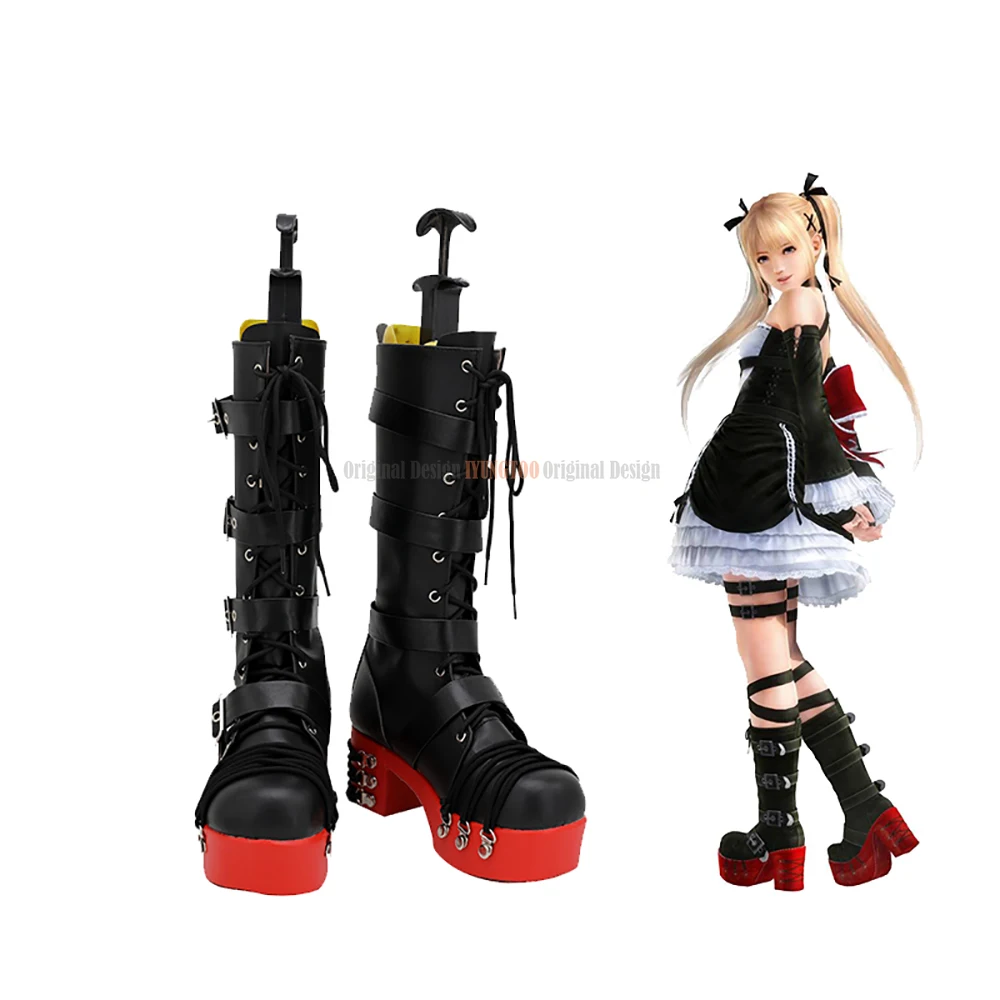Bottes de cosplay Dead or Alive 5 Marie Rose, chaussures en cuir noir, sur mesure pour adultes et enfants
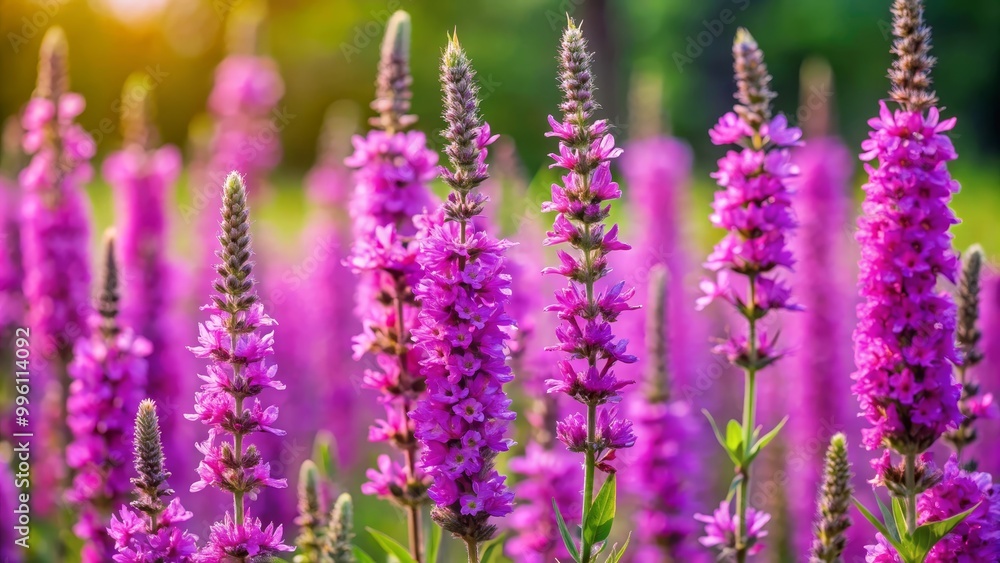Naklejka premium Purple loosestrife flowers are blooming in a field on a sunny summer day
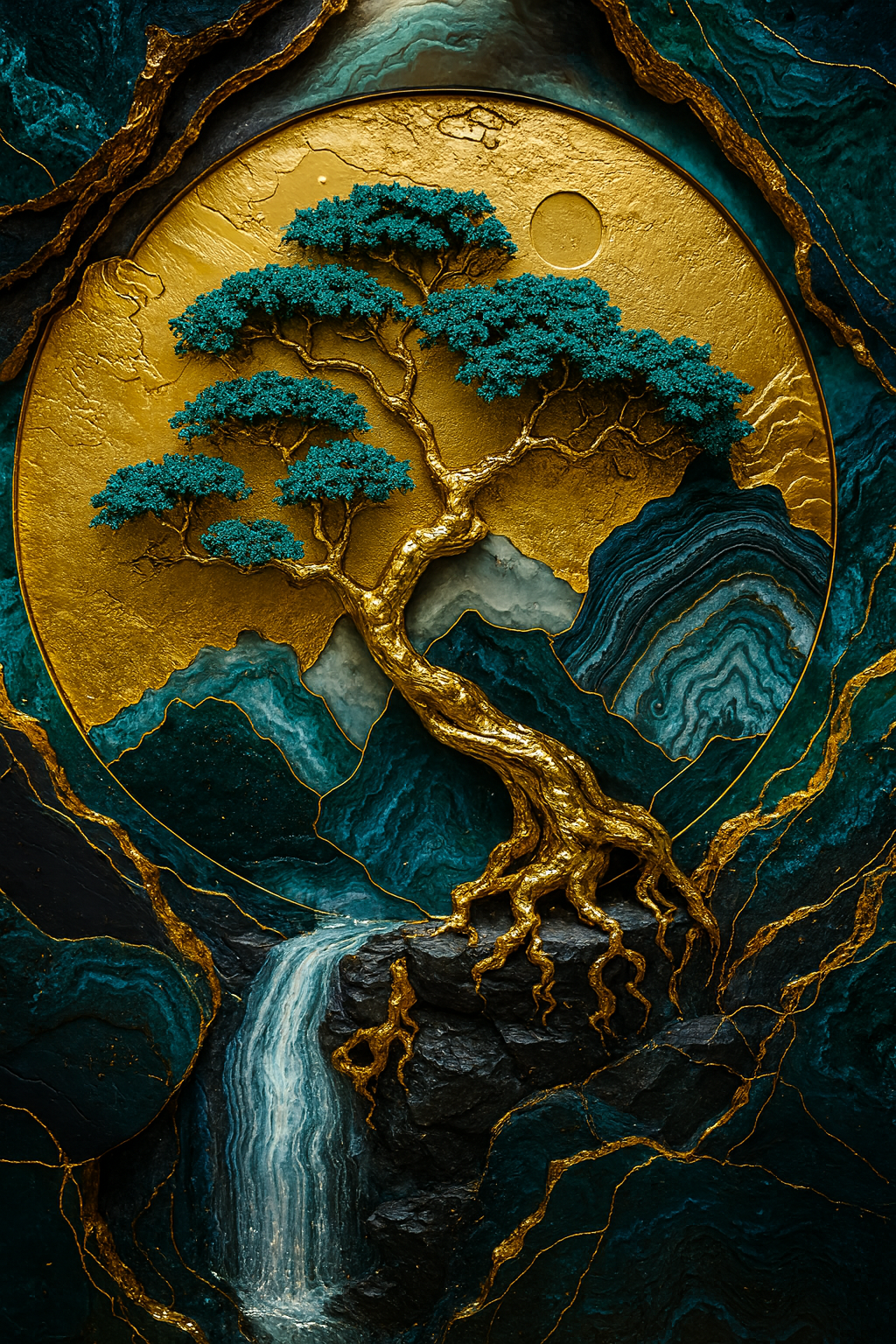 Golden Tree and Waterfall (Diamond Painting)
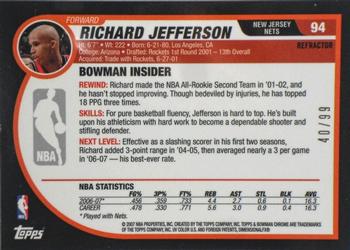 2007-08 Bowman - Chrome Gold Refractor #94 Richard Jefferson Back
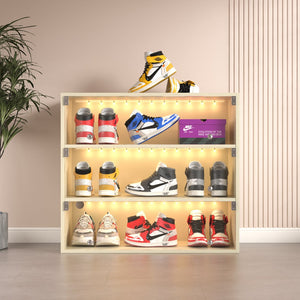 English Elm Off White Led Shoe Box Display Cabinet - 3-Tier Glass Door Storage For 6 Sneakers With Lights W1320P183134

········

# Work order
Nothing but the lines from the one holding "2007-08 Bowman - Chrome" to the end of the entries above should be echoed, exactly and with both ends included; omit the pictures.

# Expected answer
 2007-08 Bowman - Chrome Gold Refractor #94 Richard Jefferson Back
 English Elm Off White Led Shoe Box Display Cabinet - 3-Tier Glass Door Storage For 6 Sneakers With Lights W1320P183134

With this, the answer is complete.